Agriculture + Lifestyle
The farmers’ disconnect: Slow or no internet a constant headache
Posted on August 2, 2018 8:00 PM
By Jay Stone
A radio commercial from the early 2000s centered on two grandparents downloading a picture of their grandchild. Grandma remarks how cute the child is. Grandpa points out all they can see is the top of the baby’s forehead, the result of a glacial download speed.
Exasperated, he says, “I’m going to take a nap. Wake me up when the kid’s got a neck.”
In some ways, rural America is still waiting for the kid’s neck to show up. Internet usage has spread into virtually all aspects of life, and residents of rural Georgia are feeling the pain of lack of broadband access. Farmers are emphatic this needs to change because it is hurting their bottom line.
“This is the rural electrification issue of our time,” said Chris Paulk, who runs Paulk Nurseries with his father, Irwin County Farm Bureau President Gary Paulk. “It’s an absolute necessity.”

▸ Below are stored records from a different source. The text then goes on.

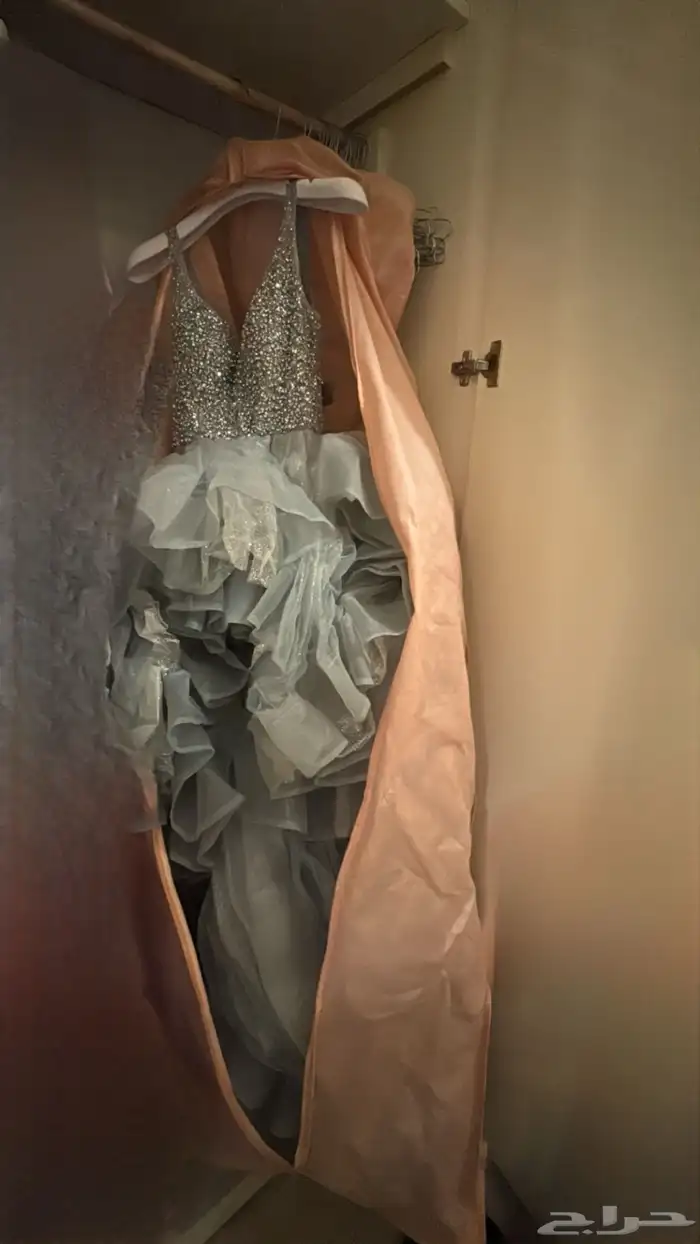 فستان من مصممه 3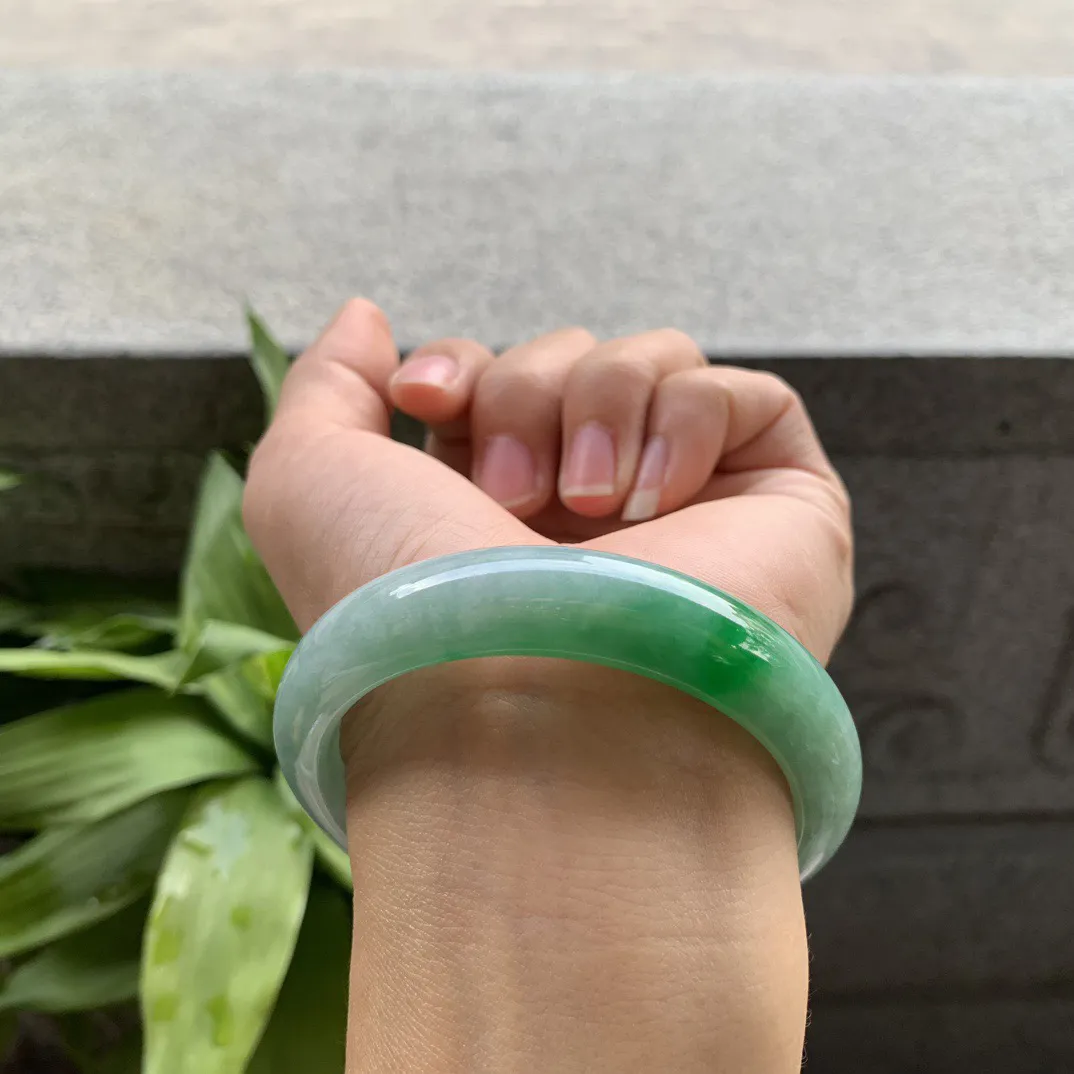 圈口54.8-12.6-8 【辣绿正圈手镯】正圈54 55可戴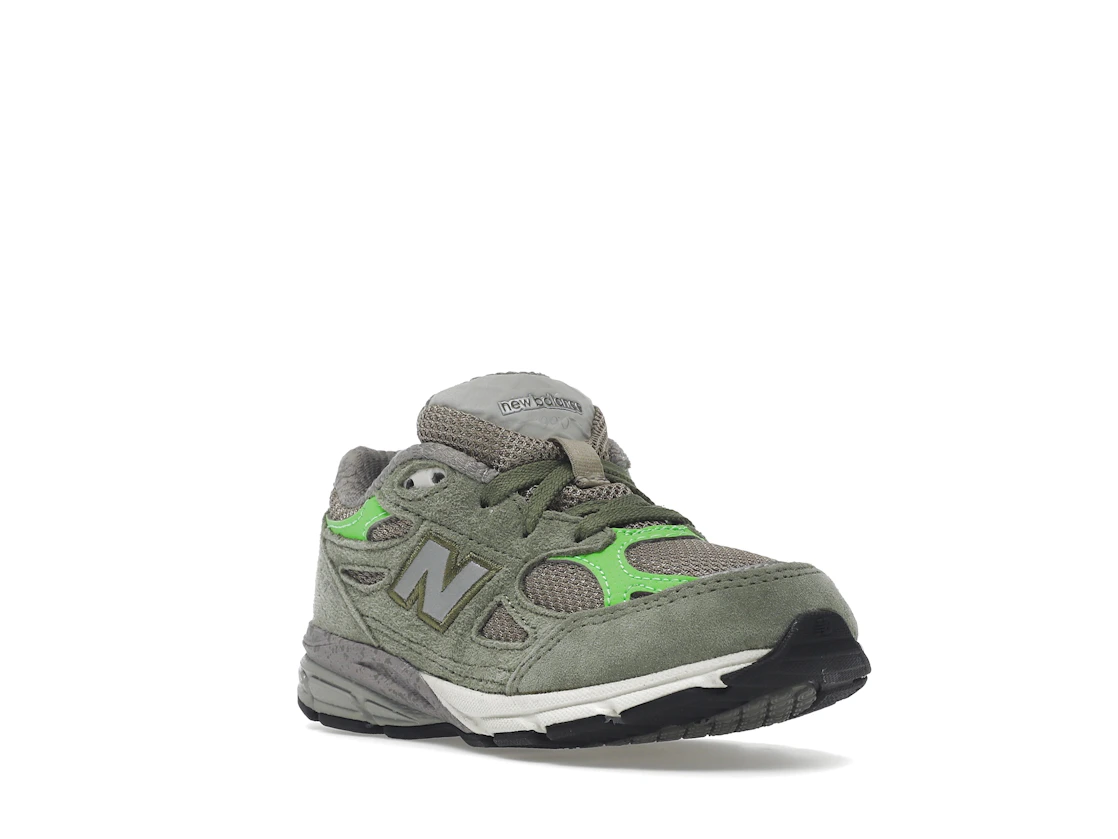 Vue 6 de New Balance 990v3 Patta Keep Your Family Close (TD)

The Paulks grow muscadines and blackberries that must be harvested by hand, which means they have to hire migrant laborers. Under Georgia law, they are required to check the immigration status of every worker they employ using the federal E-Verify system that matches workers’ information with records at the Social Security Administration and the Department of Homeland Security.
The Paulks and other farmers in rural areas hit a roadblock before they can log into E-Verify: Slow or nonexistent internet.

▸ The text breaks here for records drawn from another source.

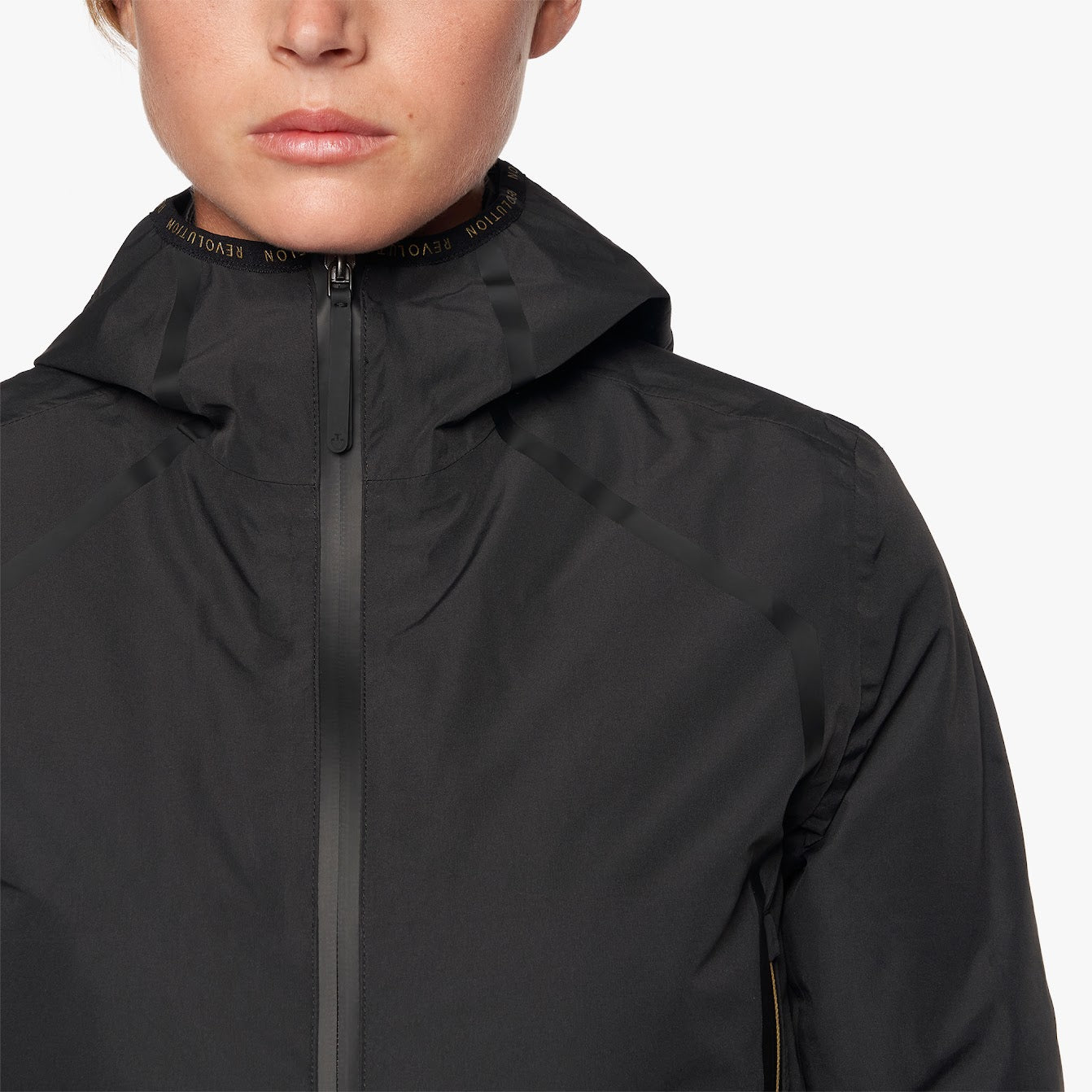 The Cavalleria Toscana Revo 3 way Waterproof Jacket with detachable puffer is the only coat you need this season. Perfect for our ever changing weather. The outer is fully waterproof and the inner puffer coat seamlessly zips inside, giving you three jackets in one. This versatile CT Revolution jacket has stylish gold accents that compliment the CT Revolution collection. It’s technical features are designed for the rider with side sips ensuring maximum comfort and movement.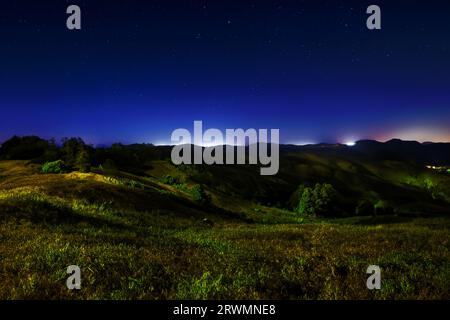 Paysage nocturne avec des étoiles des collines toscanes en Italie Banque D'Images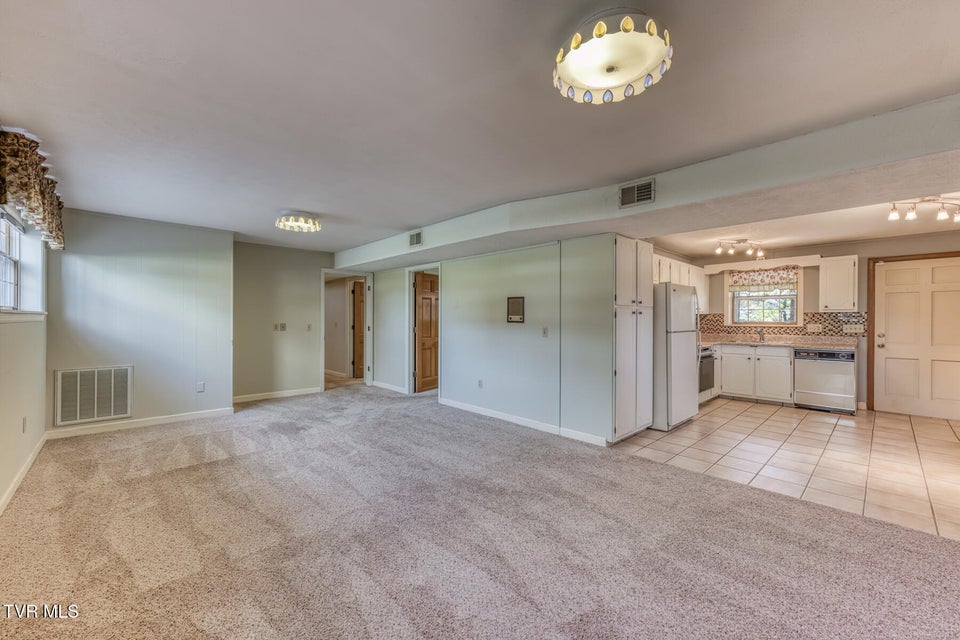 Photo #37: 908 Meadow Lane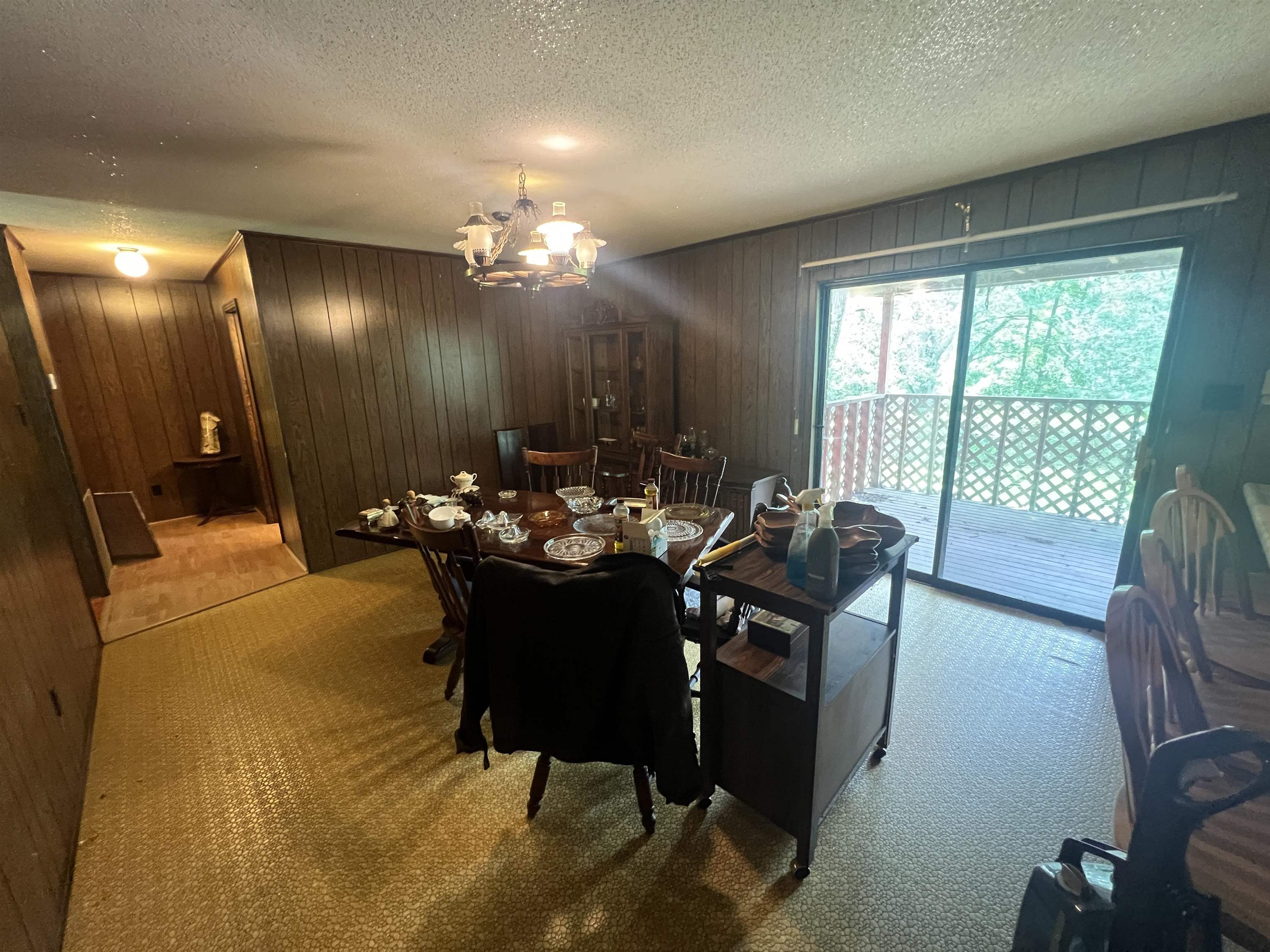 EAST MEADOW - Residential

“You can’t do E-Verify without the ‘E,’” Chris said, noting that the farm needs workers in the field when the fruit is ready to pick. “It could be a couple hundred people that week that you need to verify, and you don’t have six months to do it. You’ve got about six hours to process all these people.”
In Irwin County, Gary (left) and Chris Paulk of Paulk Vineyards search for a signal.
So, Chris goes into town, finds an establishment with Wi-Fi and camps out for hours while working on the E-Verify documentation.
And that’s just one task that hinders farmers whose internet connection – if they have one – cannot handle the data. For farmers, a few of the activities limited by internet connectivity and capacity include sales and inventory, centralized control of machinery, using remote cameras to monitor crops/livestock, and attending educational webinars.
The Paulks are in eastern Irwin County 15 miles from the county seat, Ocilla. They were able to get the local internet service provider, WindStream, to run a dedicated line from Ocilla to their farm office. Chris said it is slow – usually around 3 megabits per second (mbps) – and that capacity is divided among all the connected devices in the office.
Using broadband-enabled smartphones is cost prohibitive because of the cellular service providers’ billing structure based on data usage. Even if it weren’t, the cellular coverage on the Paulk's farm is spotty.
Because the Paulks sell fruit for human consumption they have to comply with federal food safety regulations. Those workers have to be trained on food safety practices during harvest, and providing that training through web-based video would be ideal, if the Paulks could do it. They can’t.
Another thing they can’t do because of their extremely limited internet capability is process credit or debit card transactions at their roadside market.
“We can only take checks and cash,” Gary said. “I have to tell them, ‘We can’t run your card.’”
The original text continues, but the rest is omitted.